Depois do viaduto, havia apenas uns salões que começavam a despontar e lá para frente vinha a Vila Operária. Depois de alguns anos, em 1974, refizeram o pontilhão, agora de concreto, e lhe deram duas mãos, eis que cruzava uma avenida, porque até então ia-se e voltava-se pela mesma passagem. Nunca ouvi falar que aquele pontilhão tivesse nome. Era conhecido simplesmente, como o Pontilhão da Avenida Goiás! Nos primeiros tempos nunca foi chamado de viaduto. Agora puseram uma placa com um nome lá: Viaduto Hercílio Vicente de Souza. E poucas também são as pessoas que sabem que este homem carpinteiro foi um entre os demais trabalhadores que ajudou a construir o novo pontilhão, e participou da construção de inúmeras pontes no município e na região. Um pioneiro legítimo que com seus braços ajudou a construir as primeiras passagens sobre obstáculos na cidade e região. Um simples trabalhador, mas que com a força de seus braços, conseguiu com outros trabalhadores anônimos ligar a cidade de um lado ao outro, sem que se percebesse a passagem.

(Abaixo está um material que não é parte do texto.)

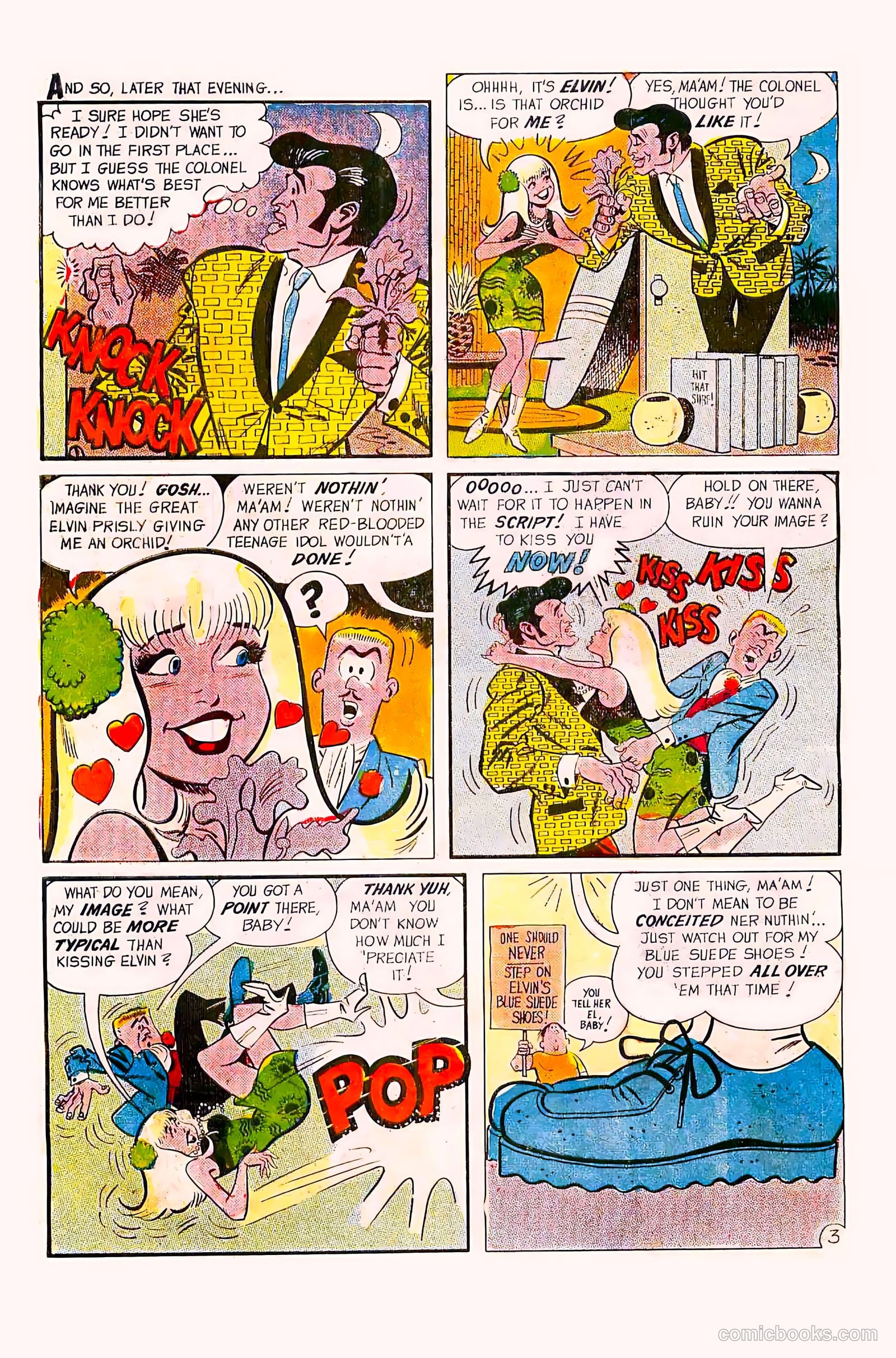 Go-Go #6 (1967) — page 30 of 36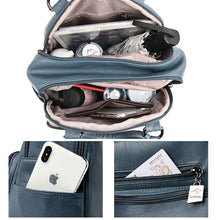 Load image into Gallery viewer, Multifunctional Large Capacity Elegant Backpack
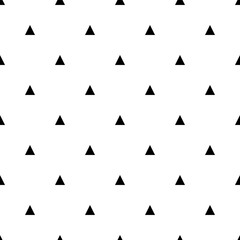vector black white seamless pattern geometric art
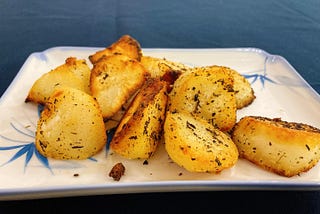 法式煎馬鈴薯佐普羅旺斯香料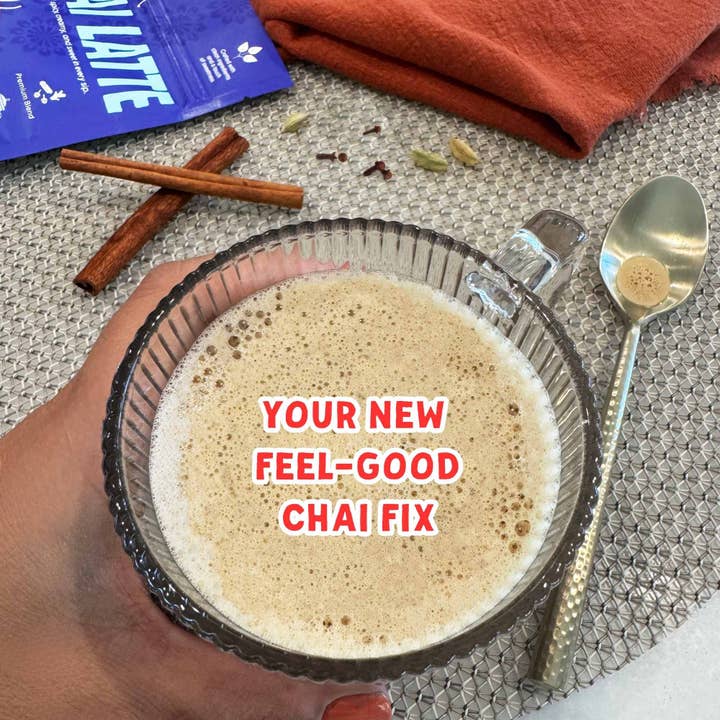 Global Grub - Wholesale Drink Mix - Spiced Chai Latte Mix3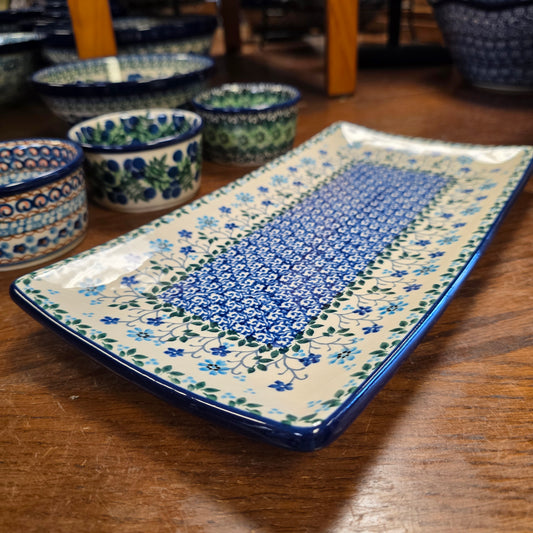 C26 ~ Sushi Plate    C26-2785X  Georgia Blue pf0526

Mas o velho pontilhão representava sempre uma preocupação constante. Tínhamos notícia de que um homem se jogou do pontilhão num momento de desespero. A cidade se assustou com o acontecimento e quando um Ford F-600 dirigido pelo Galo que fazia frete para o saudoso pioneiro de venda de móveis, Benedito Ribeiro de Campos caiu do pontilhão. O comentário tomou conta da pequena cidade e logo veio o esquecimento. Não posso morrer e levar comigo todas estas lembranças.